The PC scores graph provides a visual representation of the dimension reduction achieved by PCA. After defining the PCs, the scores for each PC are calculated using the linear combinations that define each PC. As an example, the linear combinations defining PC1 and PC2 are given as follows (coefficients obtained from the eigenvectors for PC1 and PC2):
PC1 = 0.552*(Variable A) + 0.553*(Variable B) - 0.227*(Variable C) + 0.181*(Variable D) - 0.530*(Variable E)
PC2 = -0.246*(Variable A) - 0.094*(Variable B) - 0.634*(Variable C) + 0.694*(Variable D) + 0.215*(Variable E)
Entering the values of the standardized data for each variable into these formulas will generate the PC Scores table.

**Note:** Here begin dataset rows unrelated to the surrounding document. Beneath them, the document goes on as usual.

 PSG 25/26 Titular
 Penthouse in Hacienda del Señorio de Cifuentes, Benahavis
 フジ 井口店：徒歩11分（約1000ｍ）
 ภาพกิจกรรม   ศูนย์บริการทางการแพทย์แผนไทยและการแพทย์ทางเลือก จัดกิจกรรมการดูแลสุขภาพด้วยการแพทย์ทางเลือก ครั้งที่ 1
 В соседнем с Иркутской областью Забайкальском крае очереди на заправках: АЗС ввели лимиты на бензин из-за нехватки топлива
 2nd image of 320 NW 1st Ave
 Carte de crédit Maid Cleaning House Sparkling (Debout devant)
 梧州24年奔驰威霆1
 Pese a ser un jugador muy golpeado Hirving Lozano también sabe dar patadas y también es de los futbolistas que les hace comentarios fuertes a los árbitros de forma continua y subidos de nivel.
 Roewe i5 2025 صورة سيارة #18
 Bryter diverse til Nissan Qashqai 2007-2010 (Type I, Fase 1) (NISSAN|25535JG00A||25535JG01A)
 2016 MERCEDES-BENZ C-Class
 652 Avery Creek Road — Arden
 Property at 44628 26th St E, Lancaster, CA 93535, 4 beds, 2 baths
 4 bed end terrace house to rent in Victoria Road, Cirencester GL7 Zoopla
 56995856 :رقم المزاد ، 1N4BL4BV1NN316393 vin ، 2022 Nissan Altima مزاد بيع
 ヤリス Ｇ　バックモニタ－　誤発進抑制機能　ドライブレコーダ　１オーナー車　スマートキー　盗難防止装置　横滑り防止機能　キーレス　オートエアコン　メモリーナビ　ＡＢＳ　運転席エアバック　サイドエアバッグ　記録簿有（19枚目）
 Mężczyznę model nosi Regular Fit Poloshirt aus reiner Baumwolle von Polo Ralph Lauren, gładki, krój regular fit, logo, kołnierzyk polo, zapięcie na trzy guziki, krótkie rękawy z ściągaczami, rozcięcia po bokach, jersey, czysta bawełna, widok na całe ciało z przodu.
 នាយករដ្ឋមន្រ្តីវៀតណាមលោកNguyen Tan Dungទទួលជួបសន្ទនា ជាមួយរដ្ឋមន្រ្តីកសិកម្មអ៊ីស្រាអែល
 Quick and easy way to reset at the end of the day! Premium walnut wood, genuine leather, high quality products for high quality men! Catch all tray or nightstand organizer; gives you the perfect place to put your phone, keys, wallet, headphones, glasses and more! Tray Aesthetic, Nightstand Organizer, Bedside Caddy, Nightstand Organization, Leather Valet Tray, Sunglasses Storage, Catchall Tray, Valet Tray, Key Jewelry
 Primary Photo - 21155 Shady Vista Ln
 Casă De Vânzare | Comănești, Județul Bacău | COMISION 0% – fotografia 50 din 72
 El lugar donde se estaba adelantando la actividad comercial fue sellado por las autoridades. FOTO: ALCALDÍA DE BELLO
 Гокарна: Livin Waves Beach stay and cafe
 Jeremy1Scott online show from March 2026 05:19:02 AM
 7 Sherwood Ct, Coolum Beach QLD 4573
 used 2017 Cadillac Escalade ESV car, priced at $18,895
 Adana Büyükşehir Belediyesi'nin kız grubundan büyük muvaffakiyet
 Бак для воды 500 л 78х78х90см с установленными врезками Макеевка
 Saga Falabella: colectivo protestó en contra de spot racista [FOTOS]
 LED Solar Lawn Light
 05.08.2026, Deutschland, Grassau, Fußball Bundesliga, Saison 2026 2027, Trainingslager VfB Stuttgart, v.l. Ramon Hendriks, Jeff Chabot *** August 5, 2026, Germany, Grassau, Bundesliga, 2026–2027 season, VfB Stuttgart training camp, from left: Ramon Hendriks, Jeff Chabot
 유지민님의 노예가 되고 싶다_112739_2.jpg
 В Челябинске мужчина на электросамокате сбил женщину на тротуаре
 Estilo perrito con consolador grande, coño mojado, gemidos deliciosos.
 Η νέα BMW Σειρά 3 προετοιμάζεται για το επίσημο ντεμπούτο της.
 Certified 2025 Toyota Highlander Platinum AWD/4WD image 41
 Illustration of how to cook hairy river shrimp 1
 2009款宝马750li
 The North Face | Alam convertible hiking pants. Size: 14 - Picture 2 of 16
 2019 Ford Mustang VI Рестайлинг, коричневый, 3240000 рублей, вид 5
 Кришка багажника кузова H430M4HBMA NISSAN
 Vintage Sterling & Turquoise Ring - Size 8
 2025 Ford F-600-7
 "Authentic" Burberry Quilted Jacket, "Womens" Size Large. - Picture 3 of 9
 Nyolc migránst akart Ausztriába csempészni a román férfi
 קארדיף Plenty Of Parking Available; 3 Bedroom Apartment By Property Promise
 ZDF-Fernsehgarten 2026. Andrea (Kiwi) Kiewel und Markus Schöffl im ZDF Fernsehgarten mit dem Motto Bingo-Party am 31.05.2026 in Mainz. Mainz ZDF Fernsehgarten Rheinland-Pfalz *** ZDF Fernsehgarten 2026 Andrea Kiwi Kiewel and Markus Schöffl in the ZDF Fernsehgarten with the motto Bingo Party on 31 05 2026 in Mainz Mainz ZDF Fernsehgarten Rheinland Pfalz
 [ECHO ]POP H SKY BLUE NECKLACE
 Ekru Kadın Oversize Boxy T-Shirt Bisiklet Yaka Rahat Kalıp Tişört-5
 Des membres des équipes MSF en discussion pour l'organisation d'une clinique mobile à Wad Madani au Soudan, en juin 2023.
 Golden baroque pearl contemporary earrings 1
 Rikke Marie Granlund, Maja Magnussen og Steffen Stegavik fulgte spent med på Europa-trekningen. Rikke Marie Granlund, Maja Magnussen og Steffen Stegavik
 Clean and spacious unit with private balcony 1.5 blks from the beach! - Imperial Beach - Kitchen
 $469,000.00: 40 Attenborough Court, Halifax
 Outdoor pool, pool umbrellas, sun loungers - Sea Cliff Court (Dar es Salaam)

If we then plot the PC1 and PC2 on the horizontal and vertical axis, respectively, then we will end up with the following graph, where each dot represents one row of the original data table:
Using this type of graph, clusters of data points can often be observed. For example, in the graph above, all points on the left half of the graph correspond to rows 1-5 in the original data, while points on the right half of the graph correspond to rows 6-11 in the data.
In a PCA with more than two selected components, it is sometimes useful to look at the relationship between different combinations of components (PC1 and PC3, PC2 and PC3, etc.). However, remember that the first component contains more “information” (in the form of explained variance) than the second, and the second more than the third, and so on. Thus, the most useful information is generally found on graphs comparing the first few components.